Tides, the second LP from hip-hop fusion duo Grand Tapestry, draws its strength from rhythm–not just in the beats it’s built on, but in the push and pull of the sounds that drive it, rooted in contemporary pop and Indian classical music. Four years after their debut, rapper/producer Eligh and sarod player/composer Alam Khan say it was time to take their music to the next level.
“It’s important as artists to keep pushing the boundaries of our respected forms,” they say in a joint statement on the project. “Grand Tapestry aims to go beyond genre into a space of unlabeled creativity and vision.”
To do that, they once again turned to a range of collaborators, including Raaginder on the violin, Kamaljeet Ahluwalia on the santoor, Jay Gandhi on the bansuri, and Colin Brown on the piano. That’s in addition to Khan’s mastery of the sarod–following in the footsteps of his father, the Maestro Ali Akbar Khan, he’s something of a worldwide ambassador for the instrument.
So you can expect virtuosity, and you won’t be disappointed, but Tides also advances the work of Grand Tapestry’s debut with a sharper focus. It’s a shorter, more thoroughly produced track list, scattering sampled sounds of speech, seagulls, and the sea throughout six compositions swimming in atmosphere.

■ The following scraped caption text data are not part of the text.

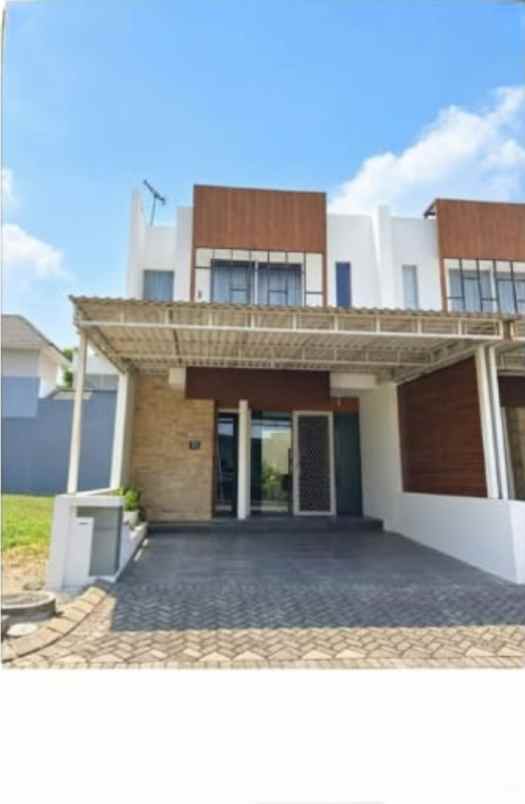 dijual rumah royal residence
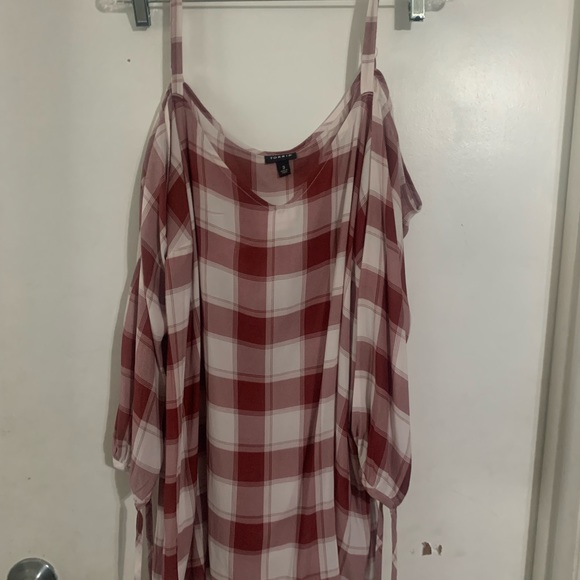 torrid Tops - Women’s plus size Torrid cold shoulder top- Maroon/white 3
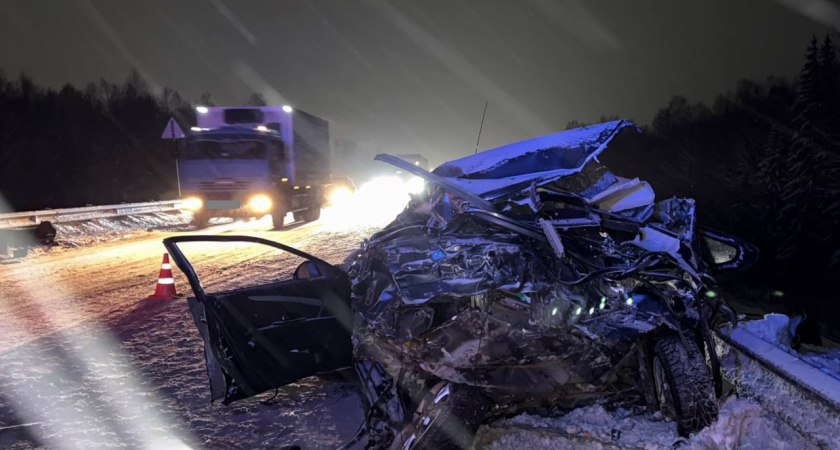 Четыре человека погибли в двух страшных ДТП за 15 минут в Кировской области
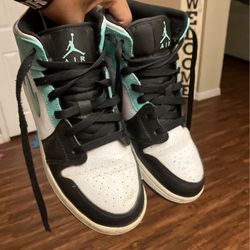 Jordan 1 Mids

At points, it’s hookier and more beat-forward, leaning harder into pop in the electronic bass and drums of “Seagulls.” On the other end of the spectrum, in the closing “Iman Kalyan (Evening Raga),” it stretches further to the classical side with sarod and piano at center stage. Cycling through each one like the rise and fall of the tide, it’s an album that highlights the best of its component parts, not to mention their shared cosmic potential.